__Task__. Print again, word for word, all of the records below, and leave the pictures out.

[Source records]
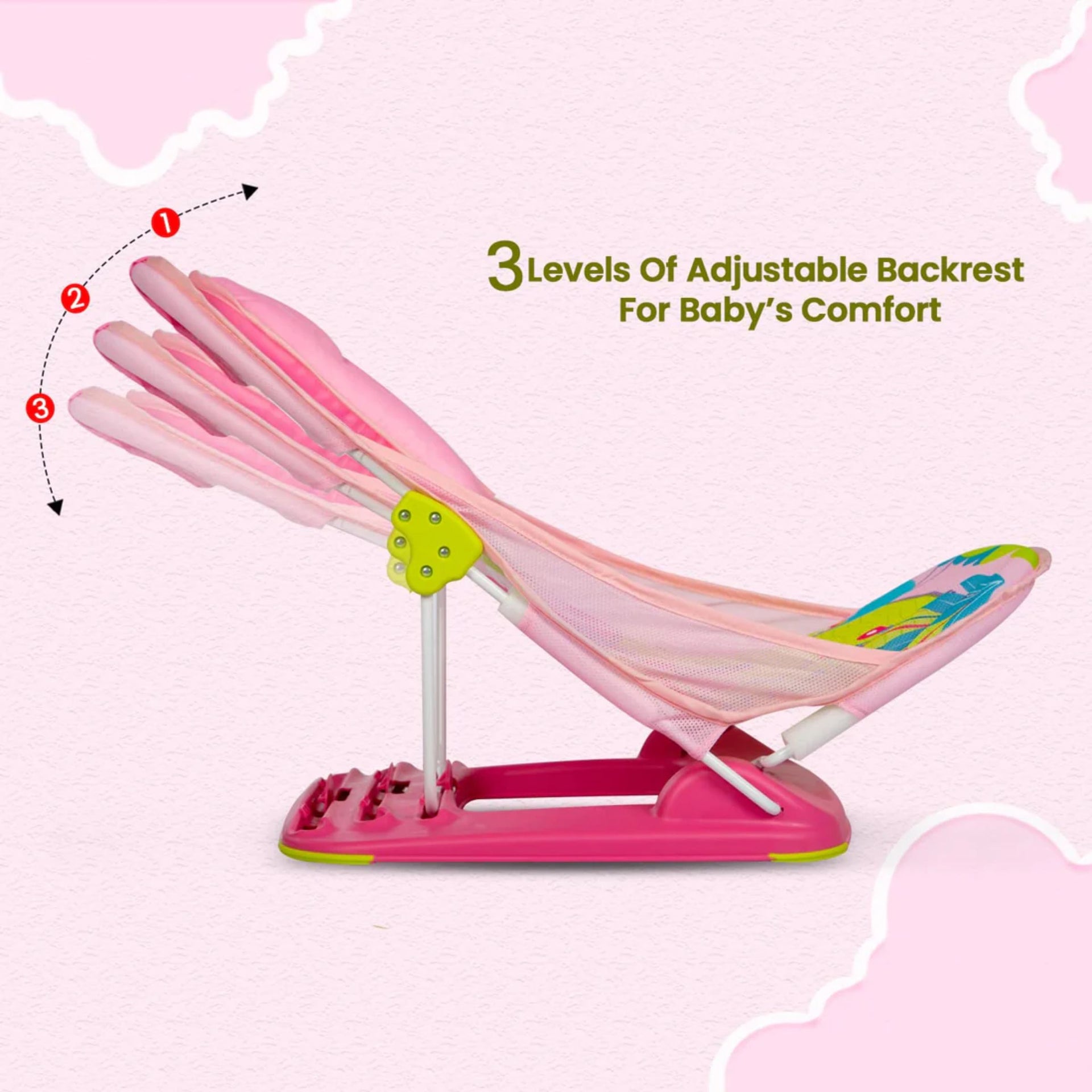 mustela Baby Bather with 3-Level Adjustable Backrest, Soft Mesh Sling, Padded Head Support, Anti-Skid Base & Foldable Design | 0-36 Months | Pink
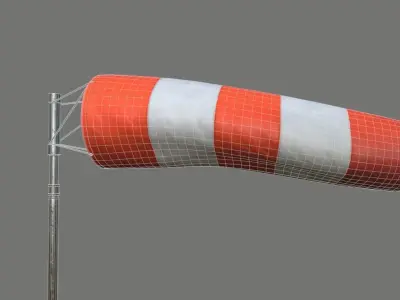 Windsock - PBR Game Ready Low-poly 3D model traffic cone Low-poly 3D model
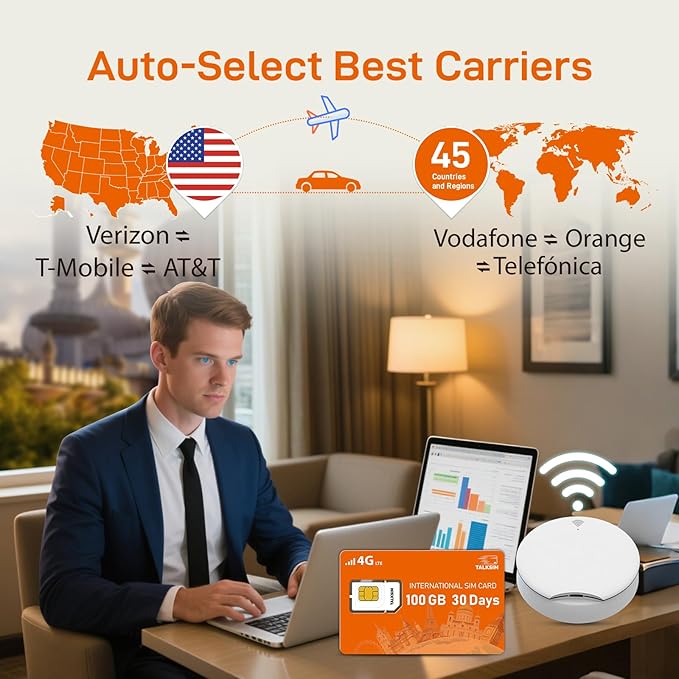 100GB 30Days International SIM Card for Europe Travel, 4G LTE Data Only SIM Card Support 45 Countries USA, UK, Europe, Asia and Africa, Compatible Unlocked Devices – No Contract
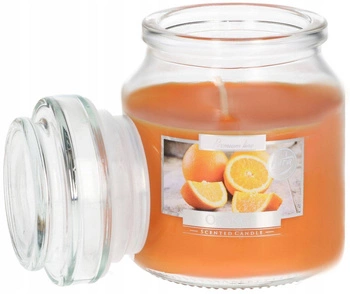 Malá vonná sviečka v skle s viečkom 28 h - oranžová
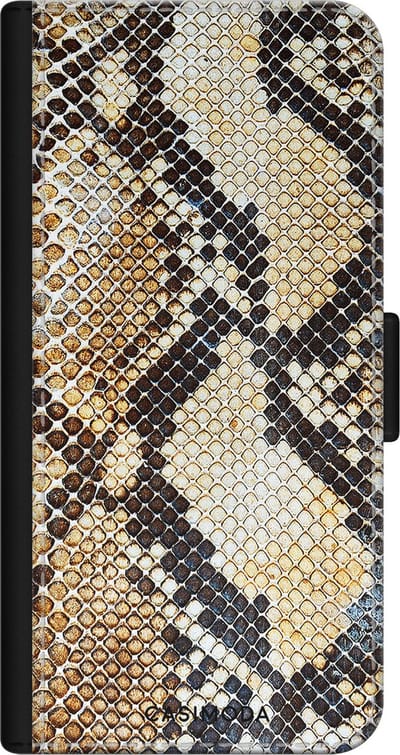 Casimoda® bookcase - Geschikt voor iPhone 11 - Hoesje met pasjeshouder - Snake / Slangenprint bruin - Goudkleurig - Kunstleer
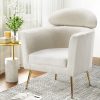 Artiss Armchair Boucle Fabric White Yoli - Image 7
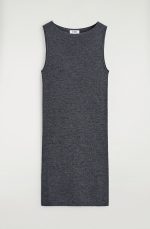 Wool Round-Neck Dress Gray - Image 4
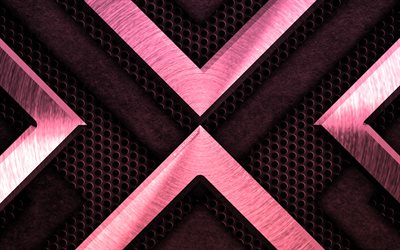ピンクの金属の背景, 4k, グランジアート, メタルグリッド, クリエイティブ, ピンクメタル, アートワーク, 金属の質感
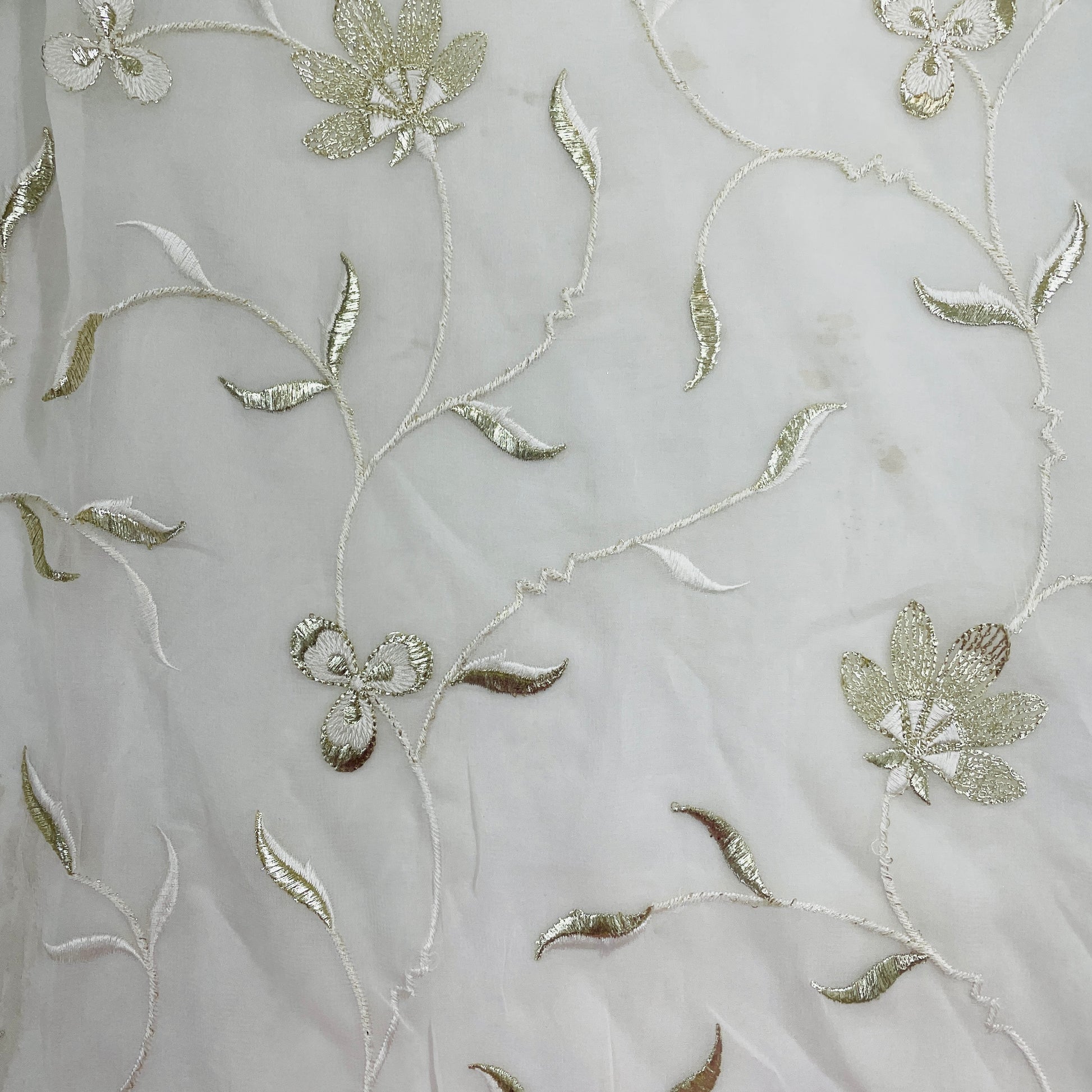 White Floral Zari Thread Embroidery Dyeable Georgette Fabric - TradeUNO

__Answer to the problem__.
 mustela Baby Bather with 3-Level Adjustable Backrest, Soft Mesh Sling, Padded Head Support, Anti-Skid Base & Foldable Design | 0-36 Months | Pink
 Windsock - PBR Game Ready Low-poly 3D model traffic cone Low-poly 3D model
 100GB 30Days International SIM Card for Europe Travel, 4G LTE Data Only SIM Card Support 45 Countries USA, UK, Europe, Asia and Africa, Compatible Unlocked Devices – No Contract
 Malá vonná sviečka v skle s viečkom 28 h - oranžová
 Casimoda® bookcase - Geschikt voor iPhone 11 - Hoesje met pasjeshouder - Snake / Slangenprint bruin - Goudkleurig - Kunstleer
 Artiss Armchair Boucle Fabric White Yoli - Image 7
 Wool Round-Neck Dress Gray - Image 4
ピンクの金属の背景, 4k, グランジアート, メタルグリッド, クリエイティブ, ピンクメタル, アートワーク, 金属の質感
 White Floral Zari Thread Embroidery Dyeable Georgette Fabric - TradeUNO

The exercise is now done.